Harper, E. (1987). **Ghosts of Diophantus**. *Educational Studies in Mathematics*, 18, 75-90

** **The main issue of this article is the relationship between the historical evolution of algebraic ideas and their conceptual development that indicates how an historical analysis can guide and inform teaching. It is based on a conjecture that the ontogenetic development of mathematical ideas, development of ideas during the life time of the individual mathematician, might parallel with its phylogenetic evolution, evolution throughout the historical time. Related to this idea, some mathematics education experts such as Poincare, Branford, and Polya suggested that curriculum content in mathematics, in order to make it useful for students, should be presented in precisely the same order in which that content evolved during the history of mathematics. Furthermore, Polya suggested that students should be facilitated to ‘rediscover’ all the ‘great steps’ taken by mathematicians throughout history. This idea is similar with Freudenthal’s suggestion that students should be encouraged to ‘re-invent’ mathematics ideas.

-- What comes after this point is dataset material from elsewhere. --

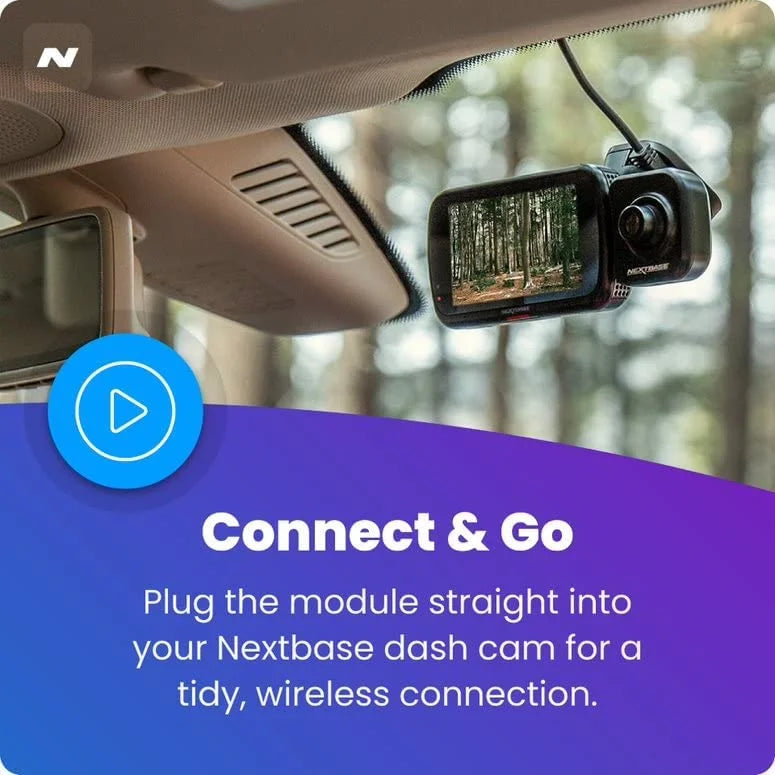 Nextbase 222X Compact Dual Dash Cam Front & Rear 2.5" HD IPS Screen, 1080p Full HD, 6 Layer Lens, Black, 0.17 lbs assembled. - image 7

The study conducted by Harper has an aim to identify the major steps taken in the historical development of algebra, with particular reference to the use made of letters, and then to decide if evidence might be obtained to indicate that these same steps are taken by students in the classroom. He proposes three major stages that algebra has passed through the history of its development: rhetorical (long written argument with no symbol for unknown), syncopated (symbol for unknown quantities), and symbolic (letters also for given quantities). He gives a problem that was worked in the history of algebra to 144 secondary grammar school students and he finds that how the students do the problem is similar with the historical development of algebra in that lower students work in rhetorical stage, and as the levels of students increase they start work with syncopated and symbolic.

This article’s suggestion that an historical analysis can guide and inform teaching is really need to be applied in designing a research project. Knowing how a mathematical idea develops through the times can lead into a better understanding of the materials and also provides opportunity to develop meaningful context that could facilitate students to reinvent the intended mathematics.